Иногда нашу группу ссаживали с поезда, на автобусах отвозили в дома, там купали, кормили, укладывали спать, чтобы затем через день-два отправить опять в путь. Менялись и наши сопровождающие. Первая остановка была в Варшаве. Люди там говорили на мало понятном шипящем языке. Вторая остановка была в Вене. Здесь взрослые разговаривали так, что ни мы их, ни они нас понять не могли. В двух– или трехэтажном доме нас разместили в большой комнате, где стояли кровати и длинный стол с табуретками вокруг. Принесли вареный картофель с подливой и кошелку темного хлеба, похожего на наш ржаной. Но когда мы поднесли его ко рту, в нос ударил какой-то незнакомый запах. Мы, как сговорившись, тут же с отвращением отбросили его от себя. Мы не знали, что такое тмин, и были возмущены: нам дали «провонявшийся» хлеб!!! Затем дружно схватили корзину, подбежали к раскрытому окну и с размаху выкинули её в сад: что с ними зря объясняться?! Всё равно не поймут. Присутствовавшие взрослые даже рты пораскрывали от недоумения. Надо сказать, что возбуждены мы были еще до того: во-первых, нас поразило, что взрослые нас не понимают. Во-вторых, незадолго до обеда, когда нас привели после бани, в нашу комнату забежали какие-то дети. Они стали нас дразнить, кривляться и обзывать, по-видимому, очень обидными словами. Произошла потасовка. Кому-то влепили в глаз, кому-то разбили нос, губы. Кровь! Мы осатанели. С криками: «Полундра! Наших бьют!» мы все разом, гуртом, тесно сомкнувшись плечами, по-бычьи наклонив головы, плотной шеренгой ринулись в бой. Мы погнали перед собой этих выхоленных, в коротеньких штанишках на подтяжках, в длинных белых носках-гольфах с кисточками по бокам, чужих и наглых мальчишек-буржуйчиков. Вышибли их из нашей комнаты, и помчались за ними по длинному коридору...

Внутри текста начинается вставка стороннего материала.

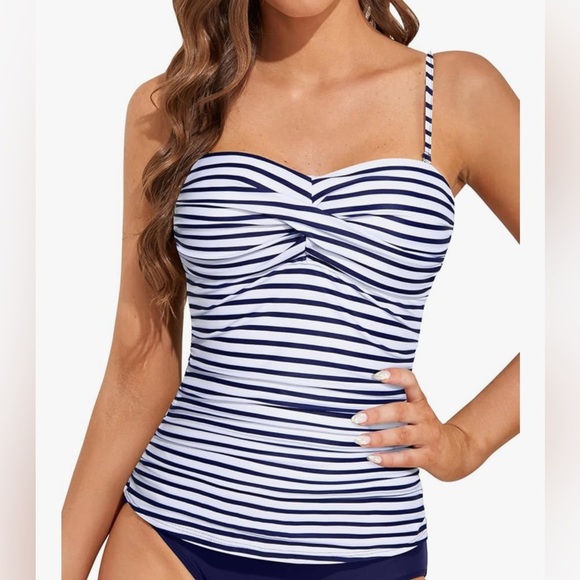 NWT  Women’s Plus Size 2 Piece Tankini With Bikini Bottom Swimsuit Size 20W - Picture 4 of 15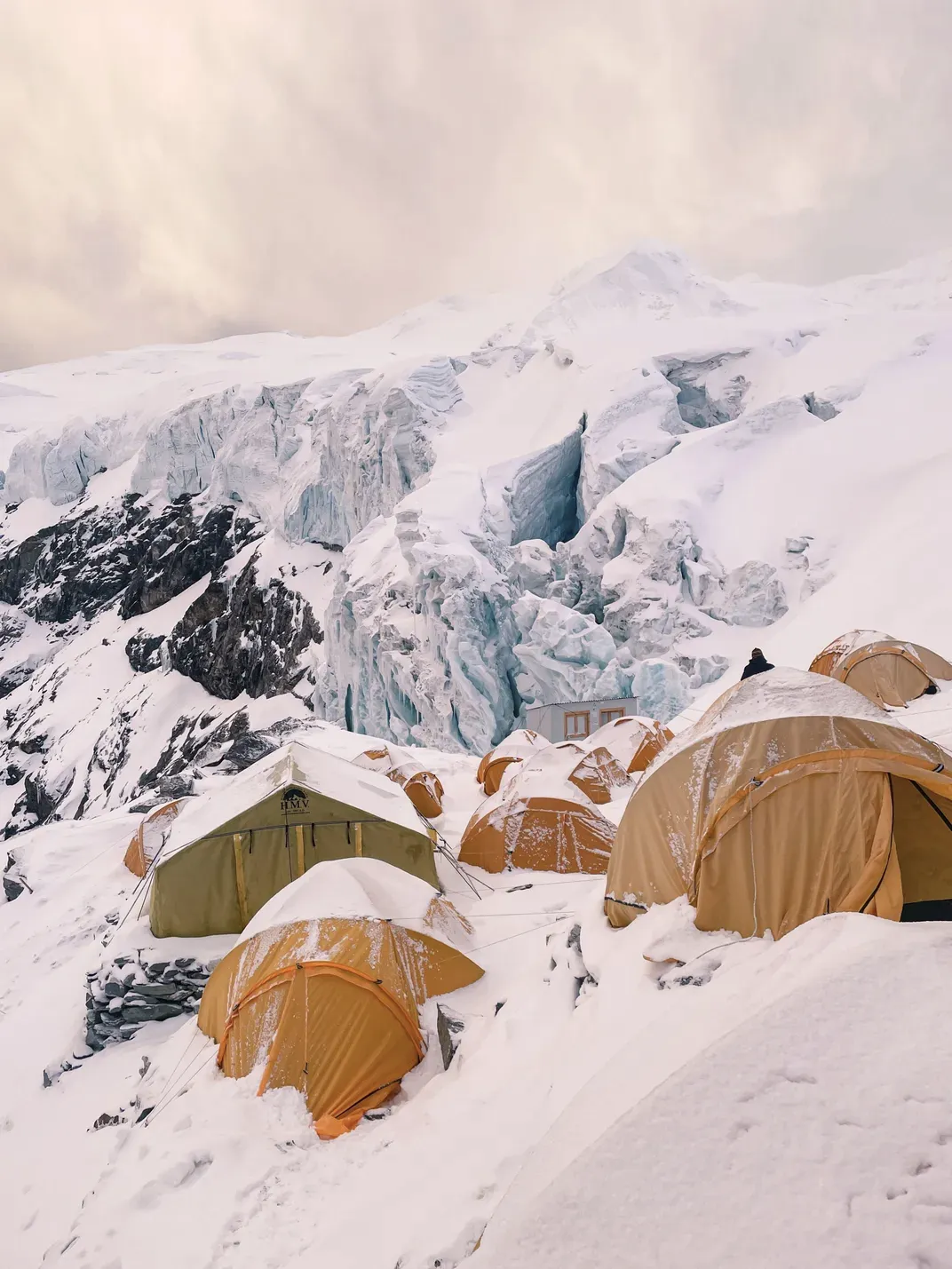 মেরার হাই ক্যাম্পে তাজা তুষার, পেছনে নেপালের সর্বোচ্চ চা-ঘর প্রায় ১৯,০০০ ফুট উচ্চতায়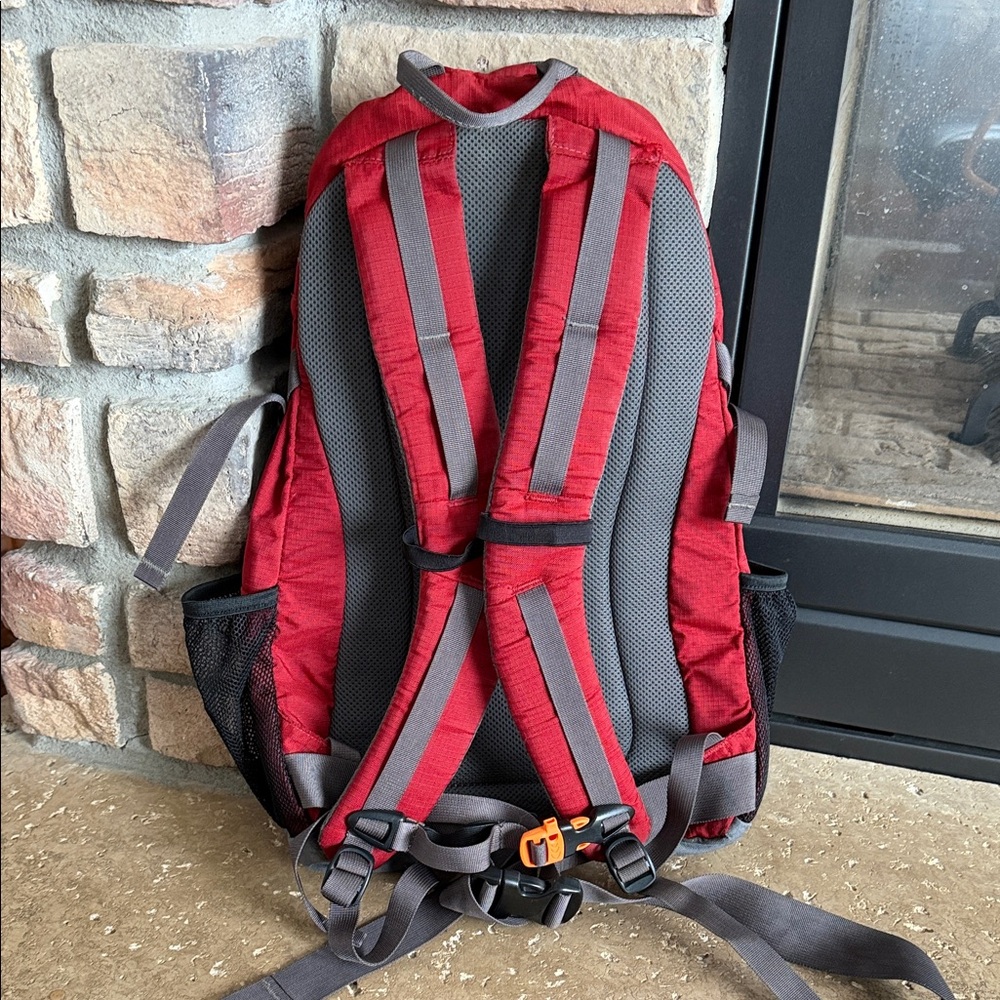 REI Trail 25 Adventure Red and Gray Hiking Backpack - Picture 6 of 11
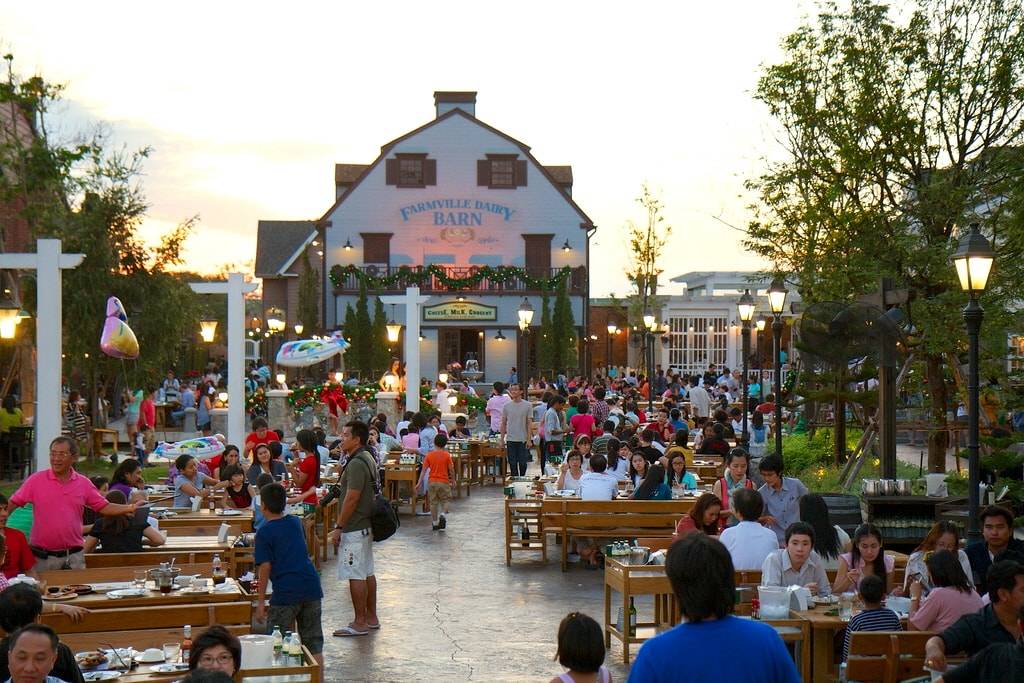 Chocolate Ville restaurants and outdoor dining — Thai and international menus
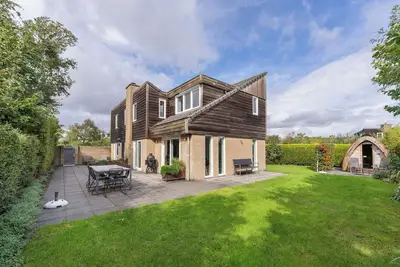 Image de Luxurious detached vacation home with unique garden sauna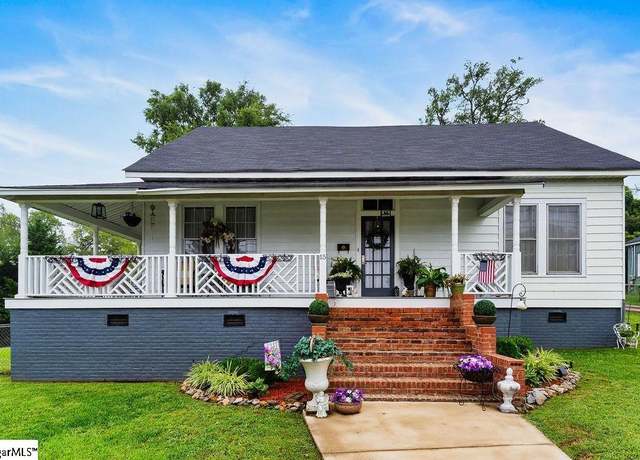 Property at 15 S Greenwood Ave, Ware Shoals, SC 29629, 3 beds, 1.5 baths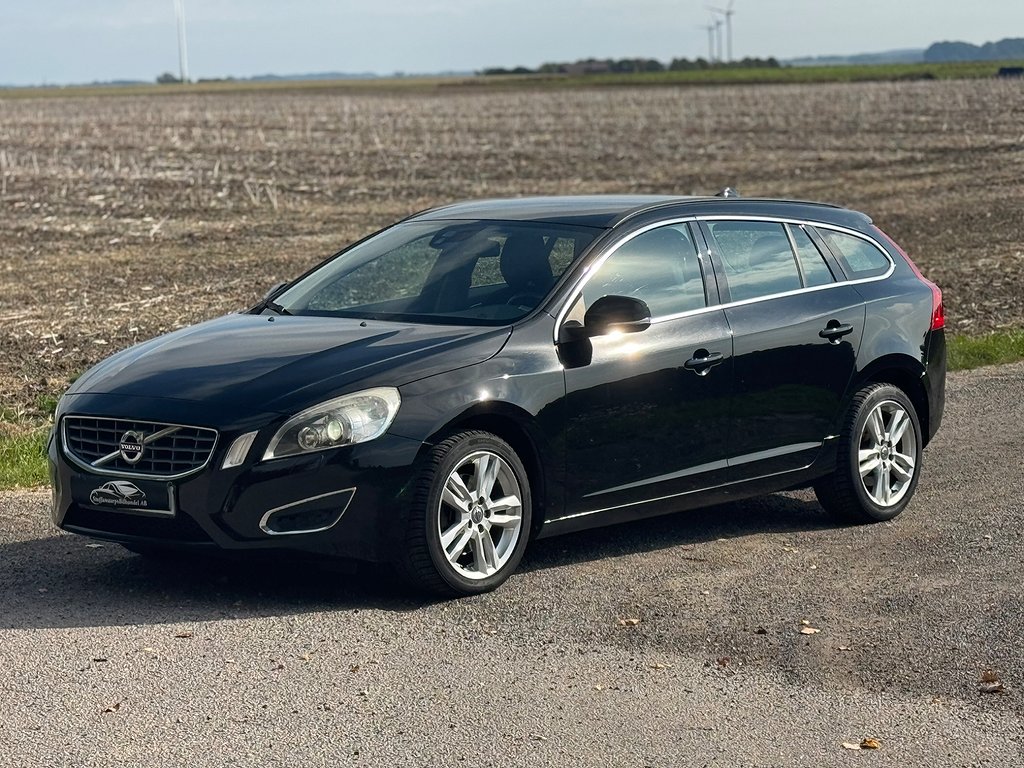 Volvo V60 T3 Momentum | DRAG | NYBES | FULLSERVAD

На крики и визг прибежали взрослые. Порядок вскоре был восстановлен, мы были водворены в нашу комнату. Мы были горды своей победой. И вдруг, этот "провонявшийся" хлеб! Вонючий! Не месть ли это взрослых? Не решили ли они наказать нас за их трусливых мальчишек? Мы объявили голодовку, отодвинули от себя миски. Наша взяла и тут! Нам снова принесли корзину с хлебом и, боязливо поставив на стол, отошли в сторонку. Самый старший из нас, всеми признанный "атаман", подошел, поднес к носу, понюхал: – Нормально, годится! – сказал он, и мы принялись за еду.

* * * 

В пути наша группа постепенно таяла. В Будапешт прибыло нас меньше половины. Помню, переехали через широкую реку. Я узнал, что то был Дунай. В сгустившихся сумерках город по обе стороны реки был на возвышенности. Сияя огромным количеством огней, он, как сказочный, словно парил в небе. Ничего другого о нем в памяти не осталось. Потом я в купе остался совершенно один: сопровождавшая высадила последних двух моих попутчиков и сама не вернулась. Была поздняя ночь, когда поезд остановился. В вагоне я по-прежнему один. Было это не то на двенадцатые, не то на четырнадцатые сутки путешествия. Стало холодать. Я скрючился у окна, поджав под себя ноги и вскоре задремал. Возможно, прошло около часу, когда я вдруг, сквозь дрему, ощутил, что в купе кто-то посторонний. Я открыл глаза: двое штатских, наклонившись, светили фонариками под сидениями. Позже я узнал, что какой-то диверсант Матушка развлекался тем, что подкладывал в пассажирские поезда «адские машины» – бомбы с часовым механизмом...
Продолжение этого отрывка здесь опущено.